Algorithm 1 has a high computational cost and high memory requirements due to the large data structures involved: input matrix \(\varDelta \) (\(m \times m\)), output and auxiliary matrices (\(m \times s\)) and three auxiliary matrices (\(m \times m\)) to store the similarities among the objects of the low-dimensional space. The symmetry has not been exploited in the storage of the data structures; however, it has been considered for the above-mentioned matrices update. Bearing in mind this fact, the number of floating point operations of Algorithm 1 is: \(3s/2 m^2+3s/2 m\) for the initialization (line 2 of Algorithm 1) and \((7/2s+3/2)m^2+1/2(3s+1)m\) for the iterative process.
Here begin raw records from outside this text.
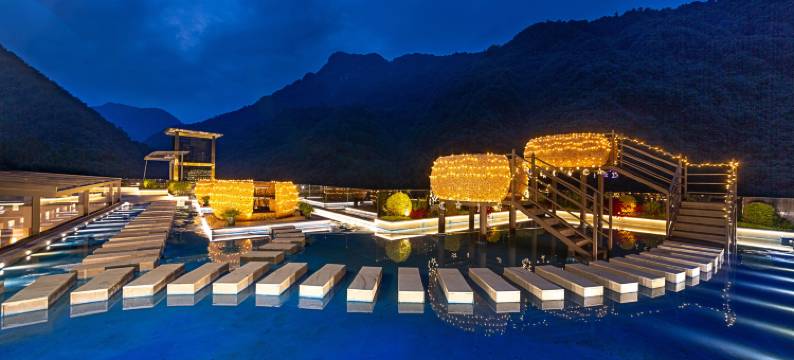 青城山观山寓泊温泉民宿(青城后山景区店)图片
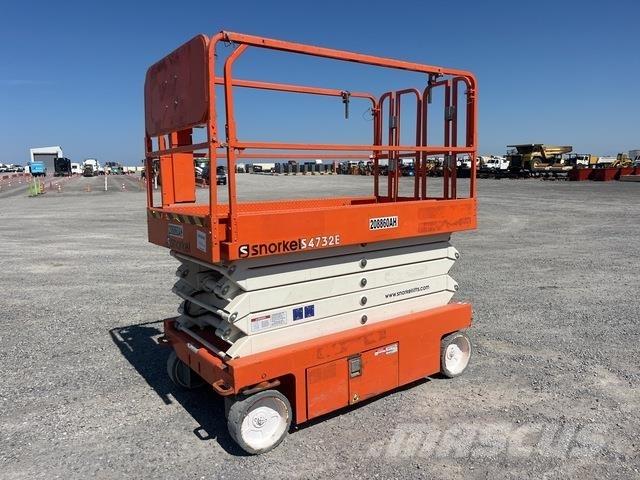 Snorkel S4732E Makasli platformlar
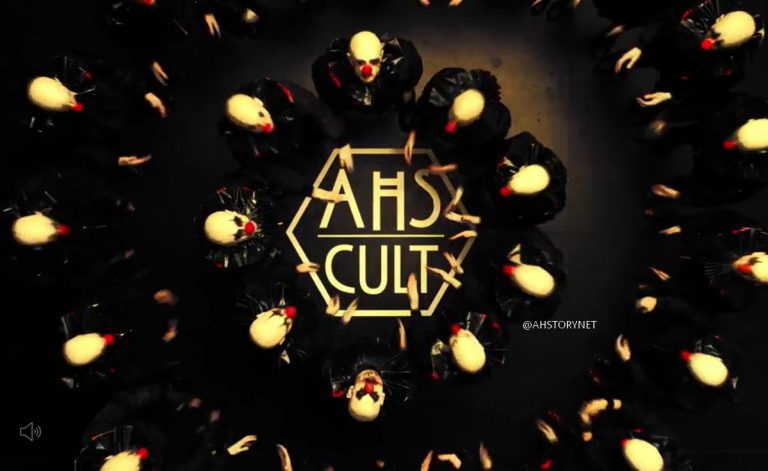 Primeiro poster da T7 de “American Horror Story” não desilude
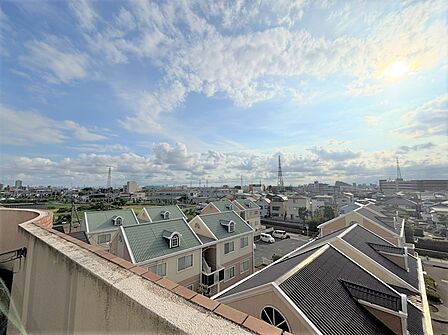 【バルコニーからの眺望】/2026年7月撮影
Parallel implementations of the SMACOF algorithm

The SMACOF computational cost is \(O(s \cdot m^2)\) and memory requirements are \(O(m^2)\). This feature has limited for years the applicability of SMACOF to solve large MDS problems. The use of HPC techniques helps to overcome this drawback. In this work, we propose two parallel versions based on the exploitation of large-scale modern multicore and GPU architectures. This section is devoted to describing these parallel implementations.

Both implementations are focused on the parallel execution of the computation of the Euclidean distances matrices (lines 2 and 7 of Algorithm 1) and the Guttman transform (lines 5 and 6 of Algorithm 1). Parallel procedures are highlighted in bold in Algorithm 1. To calculate the outputs of these procedures, we have taken into account that we are working with symmetric matrices (\(B^k\), \(D^k\) and \(\varDelta \)). For example, to compute the symmetric matrix \(B^k\) (which defines Guttman transform) is only necessary to calculate a triangular sub-matrix of \(L=(m \cdot (m + 1) / 2)\) elements. Thus, \(B^k\) can be managed as a unidimensional vector of L elements which can be updated in parallel. To distribute this computation among the processing elements, the left part of Algorithm 2 has been transformed into the right one. This way, two nested loops are collapsed into a regular loop to compute the triangular matrix of L elements. It can be easily parallelized with maintaining the load balance. This idea has also been applied to the parallel computation of \(D^k\).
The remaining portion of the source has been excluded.